Utne Reader Editor in Chief Christian Williams on finding common ground politically, spiritually and culturally.
Remember how it felt when you graduated college?
Perhaps you’re like me, and you grew up learning that a college degree was the key to a successful future. You knew you didn’t want to spend the rest of your life flipping burgers like you did every summer. So you did it: you graduated college, and you proudly walked across the auditorium stage with a big grin. As you shook the dean’s hand, all that was left to do was ask, “What’s next?”
Back then, a loaded question like that was easy to answer: entry level job in a chosen career, graduate school—the options were endless. It was a question that was exciting to answer because no matter what route you chose, the degree all but guaranteed you’d start higher on the ladder than you would have if you’d only finished high school like your older relatives. You could see and feel what had been promised if you applied yourself and got a degree: the American Dream was real, and you were ready to stake your claim.
It felt good to look back on the previous four years of balancing school and work, knowing now that it was all worth it. Soon, you’d be settling into your career, making a comfortable living, buying a house, and starting a family. Sure, there’d be bills to pay, but you’d rest easy at night knowing that you’d continue to work your way up to better paying jobs in your field, and that you’d comfortably pay back your student loans and meet your mortgage payments.
Eventually, the loans would become a distant memory, and you’d be saving your money for your kids’ future. They would share their goals of having a career and starting a family, and you’d be happy to do what you could to help them realize their version of the American Dream. You’d even pay off your house one day and still have enough money left to set aside for your retirement, ensuring you wouldn’t have to work the rest of your life.
In that life, “fair” was getting out what you put in, so you worked hard and were compensated appropriately. And you knew that if you ever found yourself being taken advantage of, your college degree was always in your pocket and able to open another door if need be. In that life, there were safeguards put in place to make sure that the greediest among us weren’t able to keep you under their thumbs. In that life, we celebrated on graduation day because it represented a gateway to opportunity for everyone who earned the right to walk through it.
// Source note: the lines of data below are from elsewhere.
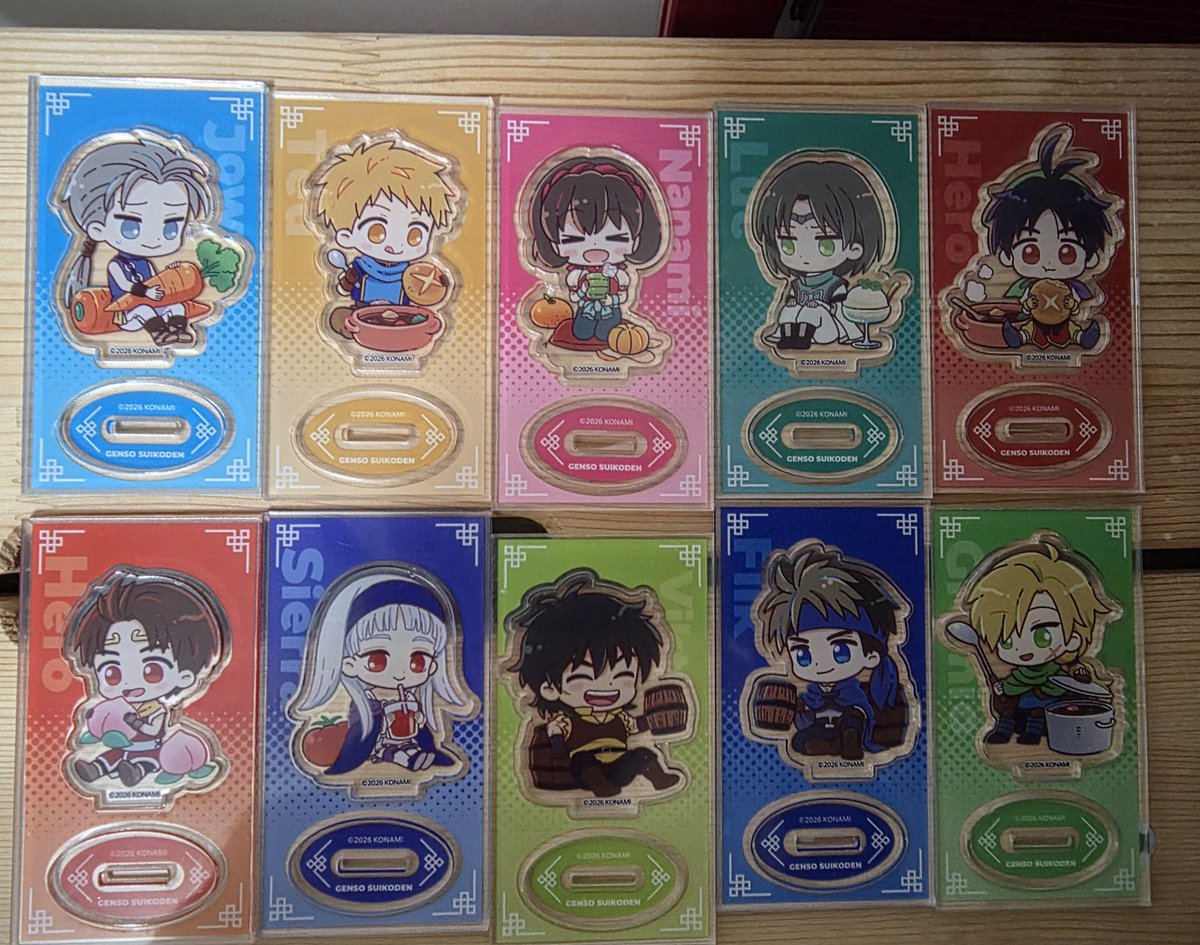 セリアさんにお願いていた、幻想水滸伝のアクスタと、マグネット届き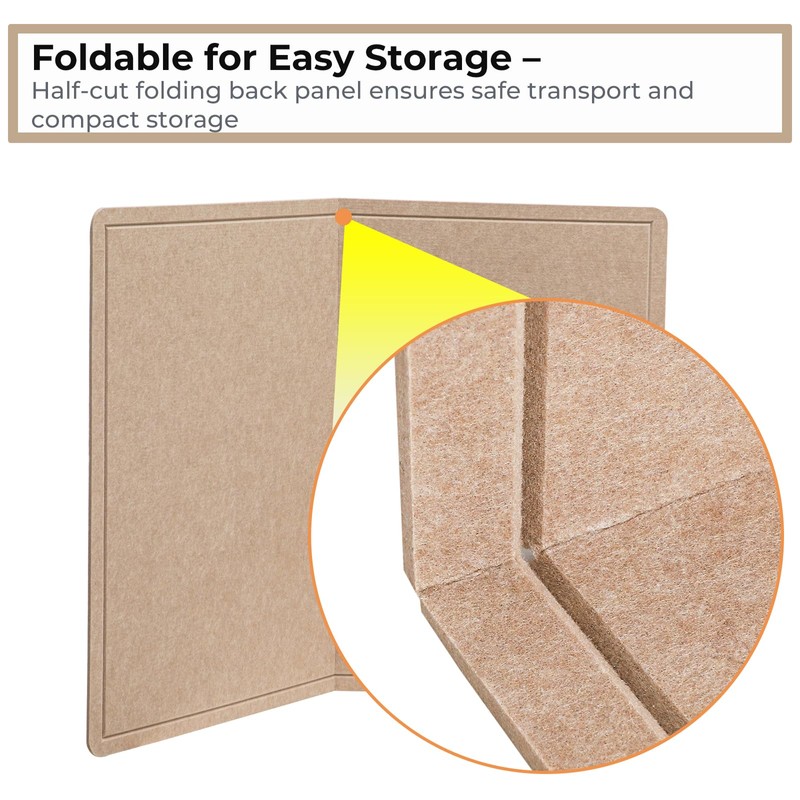 DexBoard Foldable Large Felt Bulletin Board for Wall 60"x 36",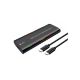 Карман внешний Dynamode M.2 SSD NVMe/SATA combo USB3.2 GEN2 Type-C aluminium black (DM-CAD-SSD10) - Аксессуары к HDD  - Аксессуары к HDD 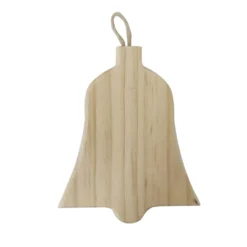 Buy ❤️ 4.5" Unfinished Wood Bell Ornament by Michaels ✔️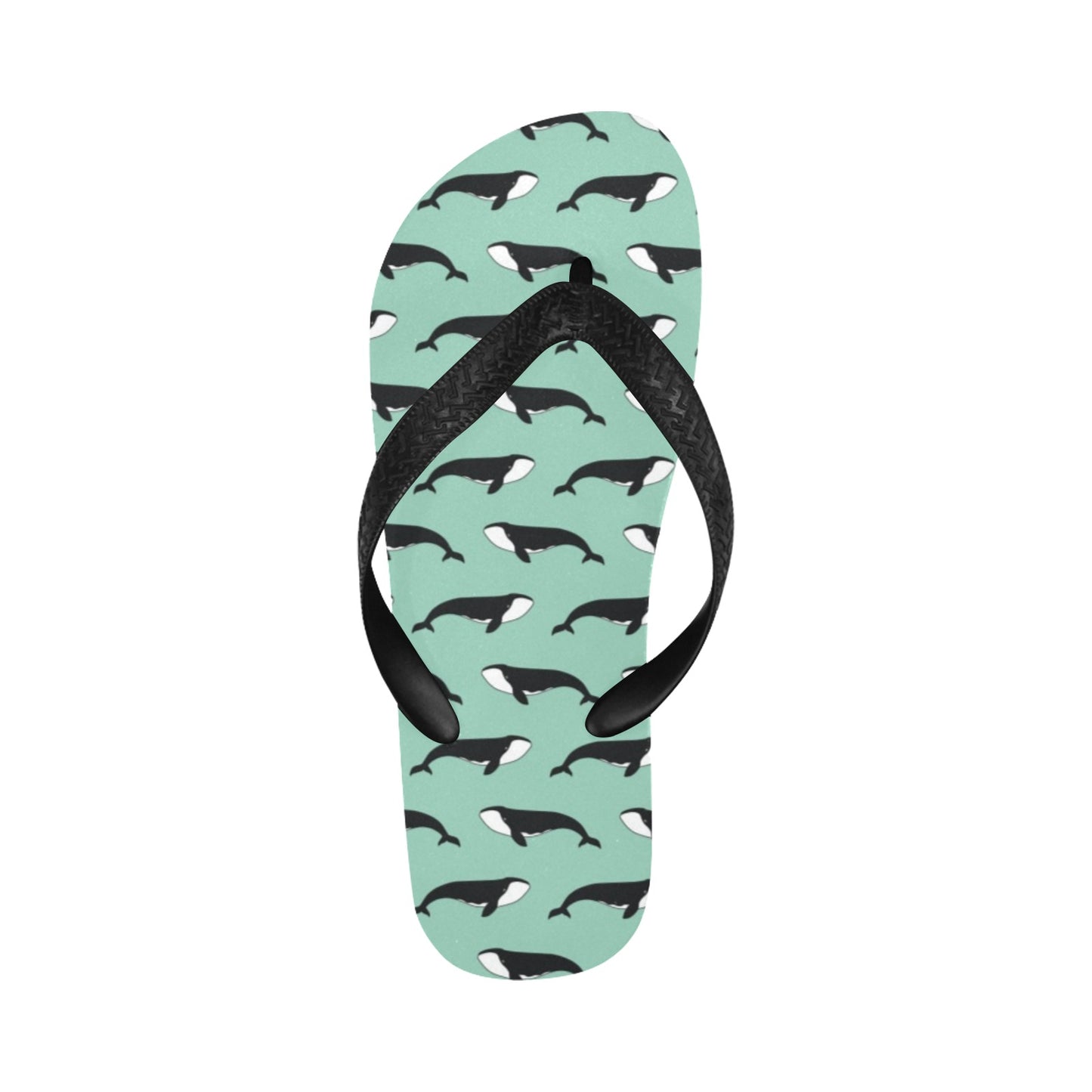 Whale Print Design LKS307 Flip Flops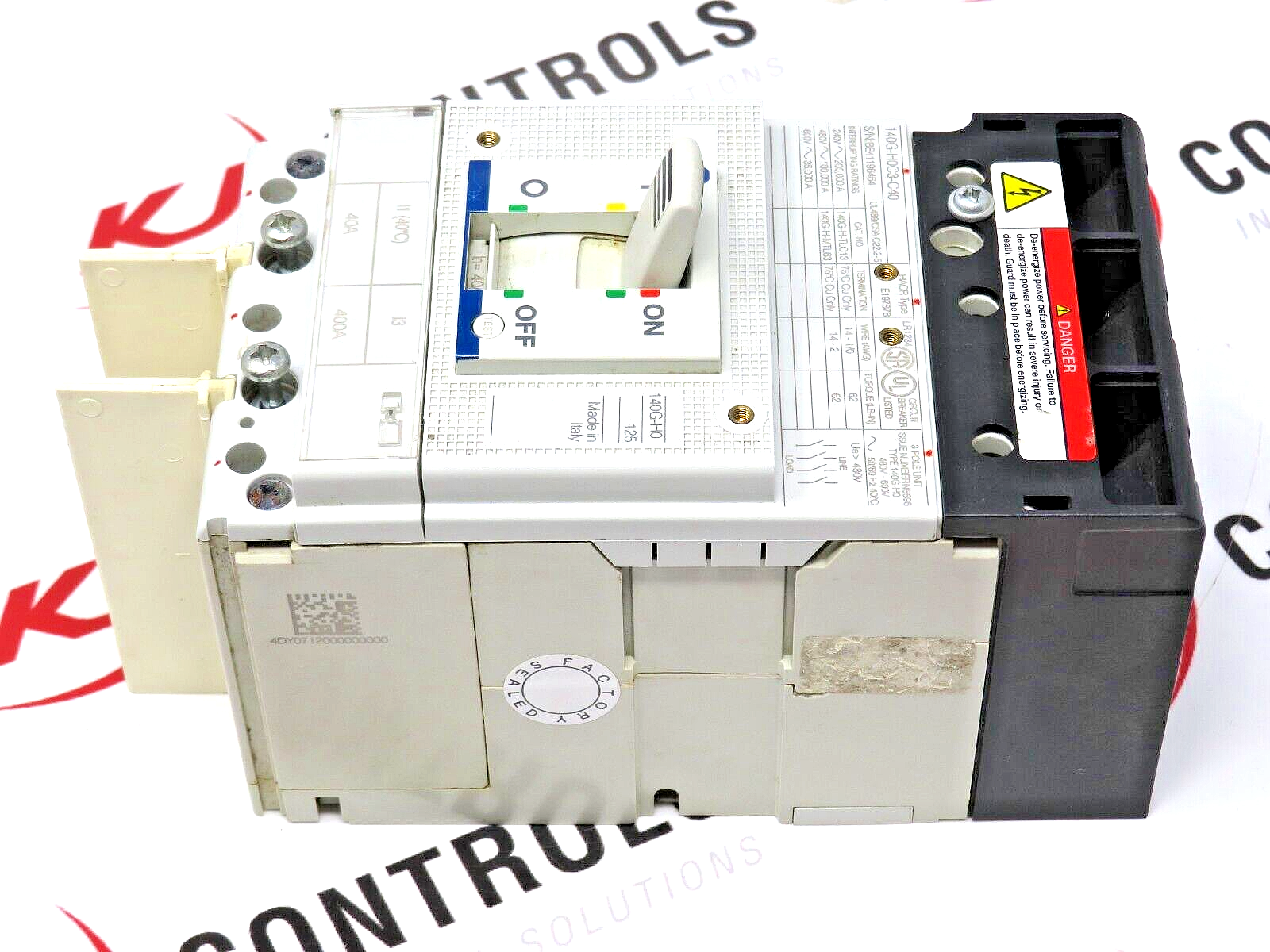 Allen-Bradley 140G-H0C3-C40 40 AMP 100 kA at 480V Molded Circuit Breaker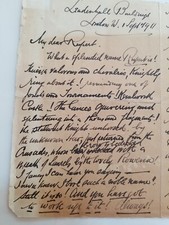 1910 Funeral Letter King Edward VII Windsor Castle CloisterChoir Queen Alexandra picture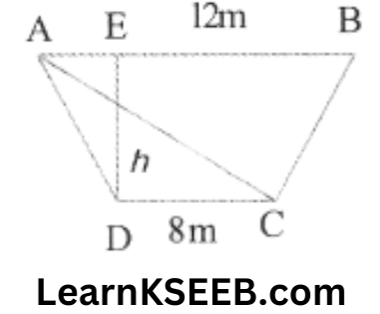 KSEEB Solutions For Class 9 Maths Chapter 12 Heron's Formula Two Mark Questions 10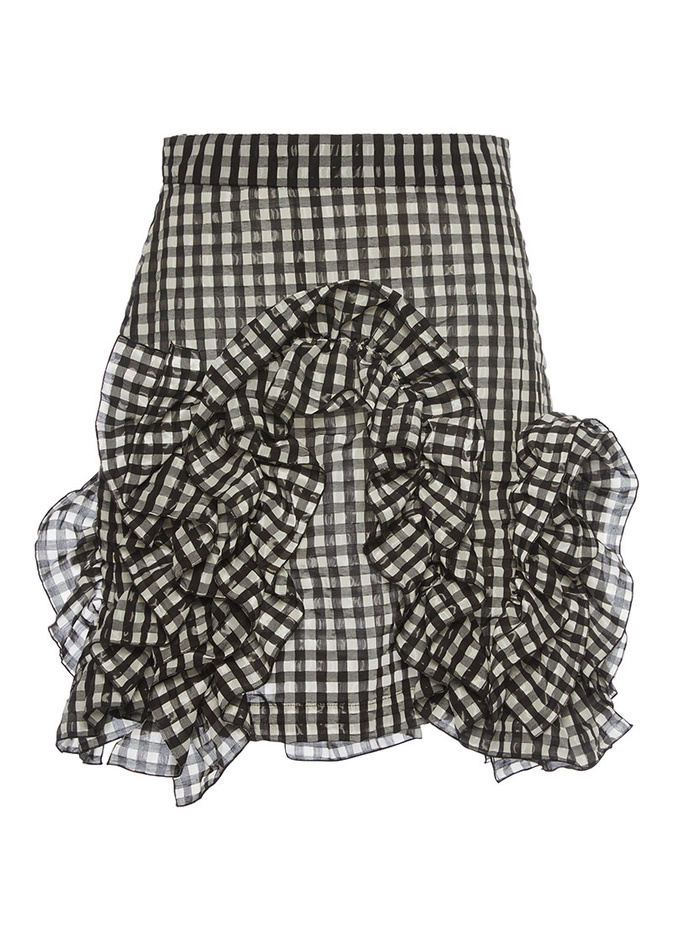تنورة MSGM Gingham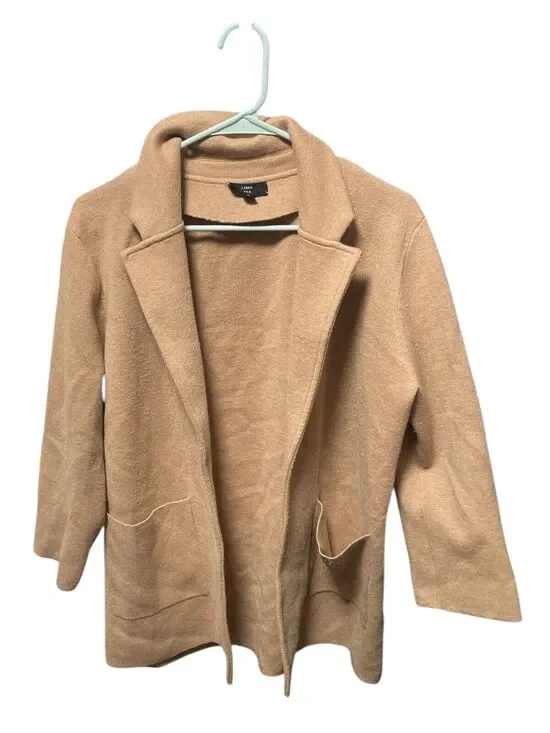 J.Crew 365 Women M Juliette Collarless Wool Blend Open Sweater Blazer Cardigan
But in this life, the concept of “fair vs. unfair” has disintegrated into an accusation of laziness by the advantaged toward the disadvantaged. In this life, greed has infiltrated every nook and cranny of our society to the point where we don’t know who to trust anymore. And in this life, insurmountable student debt and the lack of real opportunities to reach our potential have drained graduation day of its optimism and replaced it with the burden of concern. Soon, the event might be more appropriately symbolized by handcuffs than a handshake.
Perhaps there is no alternate reality to this life; an existence where everyone truly has the opportunity to realize their full potential, be successful, and find happiness. Perhaps the American Dream has always been an unattainable illusion created by the powers that be.
But if it is an illusion, the false hope it’s meant to sustain is quickly fading. While people will recognize the illusion for what it is, they’ll remember something important: it sure sounded pretty nice. And maybe then, with nothing left to lose, we’ll all stand together, ask “what’s next?” and do what it takes to make that life a reality.